Sunday, August 22, 2010

Our Elementary Teachers

Who would know where they are today?

Kindergarten - for me it was Helen Coyle at the Country School
1st Grade - Miss Stover
2nd Grade - don't recall, but I believe it included the word Rose either in the first or last name.
3rd Grade - Olive Rasmussen
4th Grade - Shirley Mitchell (see photo at left - Chuck Hendrickson and I were Candle Lighters at her wedding)
5th Grade - Andrena Hanson (for some of us)
6th Grade - Andrena Hanson Opheim (for some of us)

Tuesday, August 17, 2010

"Mad Men" - the Era of Real Men

My favorite TV show today is "Mad Men", the AMC-TV original series set around a Madison Avenue ad agency. It is so retro including orange and lime pillows, siamese cat silhouette wall hangings, constant smoking, 3-martini lunches, suave men, and women who are there only as objects.

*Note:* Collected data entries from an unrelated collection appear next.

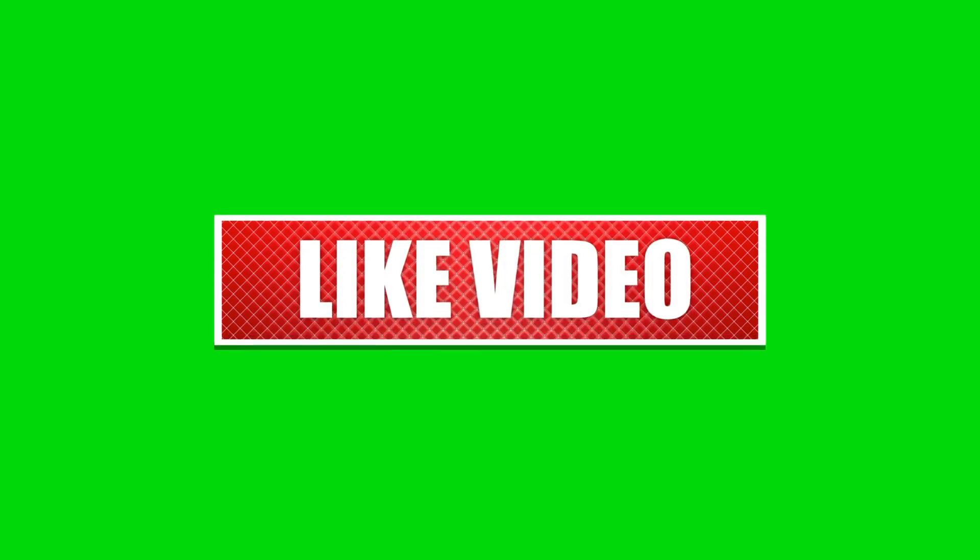If you enjoyed this video, kindly like, leave a comment, share with friends, and also make sure to hit the subscribe button for future uploads. Thank you.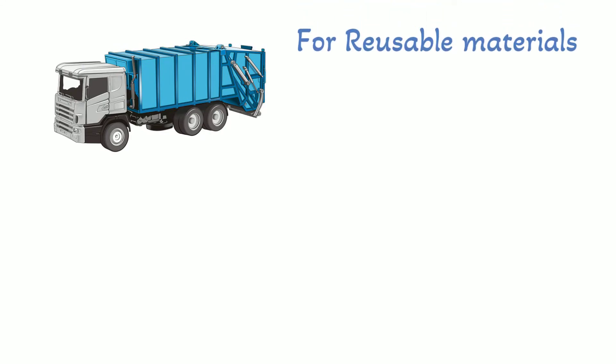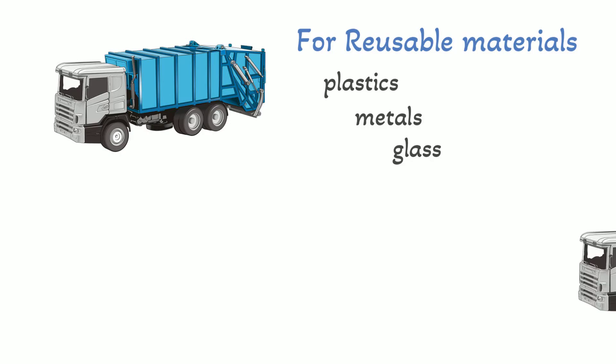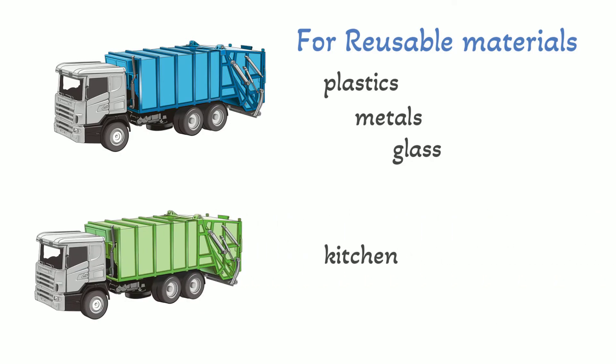The blue bin is for materials that can be used again, such as plastics, metals, and glasses. These are materials that do not rot in the garbage. The green bins are for collecting kitchen and other plant or animal waste.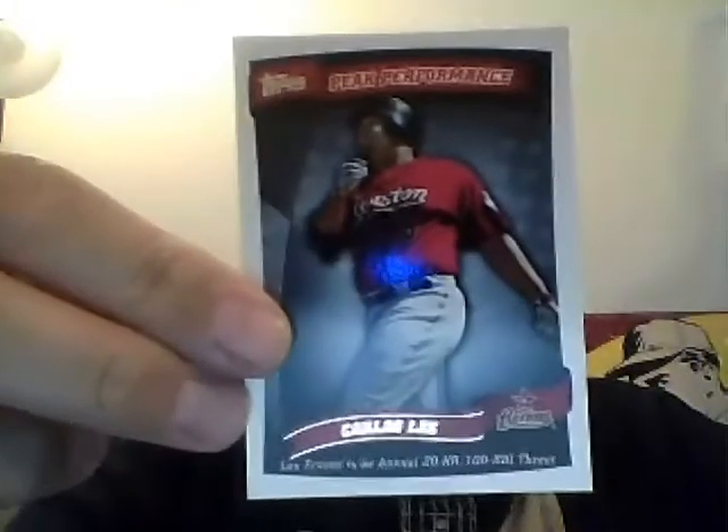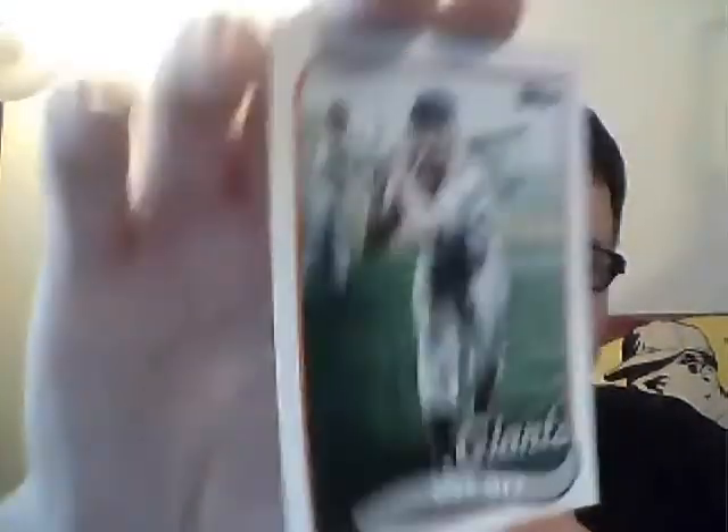This is worth $1.99, I would say. Carlos Lee, Peak Performance. Onus Wagner — one of these Vintage Legends. Dale Murphy, Matt Kemp. Mel Ott, Vintage Legends.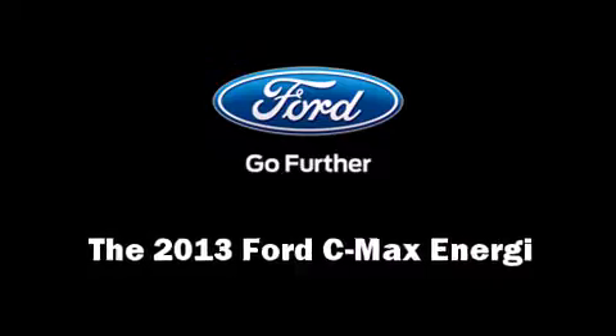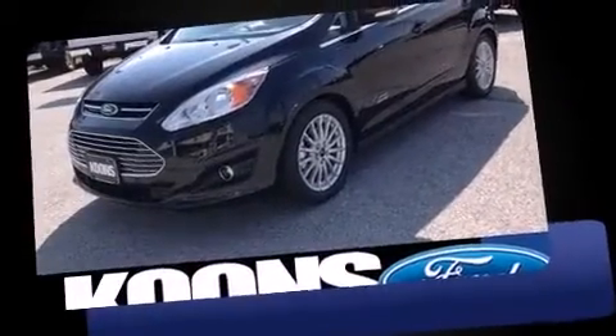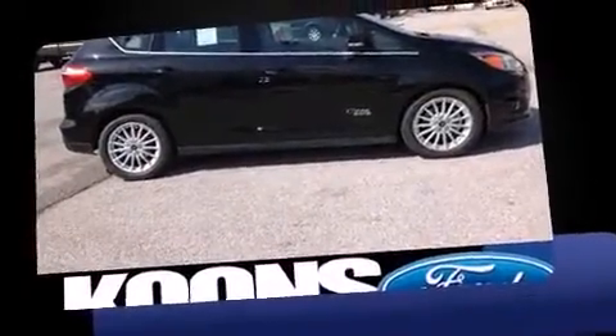This four-door five-passenger hatchback offers the features and options for which you've been searching. It features a continuously variable transmission, front-wheel drive, and a two-liter four-cylinder engine. Top features include rain sensing wipers, leather upholstery, front dual zone air conditioning.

If you haven't watched it, I encourage you to do so. Currently the series is set in 1965 so it's moving past us a little but the cultural take is so accurate. The lead character, Don Draper, said it all regarding the relative place of men and women when he said, "I won't let a woman talk to me this way!" And that is so Don Draper.

When I read that quote in a recent Newsweek I could only think of the superintendent of schools in the small town where I worked after college. One of the bus drivers, surprisingly for that era a woman, had apparently done something wrong, and the superintendent was reaming her out for it. She was a strong woman and was holding up well, but finally gave it up, and burst through the adjoining principal's office in tears, obviously now seeing the true path. (Kidding, ladies!!)

The superintendent sauntered into the principal's office behind her, stood with his hands on his penguin-shaped hips, rocking slightly, and said, "I never met a woman yet I couldn't make cry!"

To read this very interesting article in Newsweek, just click on this link and it will take you there. http://www.newsweek.com/2010/08/12/baird-it-s-not-mad-men-it-s-mad-women.html.

Friday, August 13, 2010

Dumb as Your Father

Reading a recent email from Richard Holstad, I am reminded of one of our teachers who apparently did not have eyelashes. At least that's the story I was told by female classmates who often would flutter their eyes or stroke their lashes in front of her to tease, I suppose. She would have qualified as a spinster in that day and age, a term not often used today.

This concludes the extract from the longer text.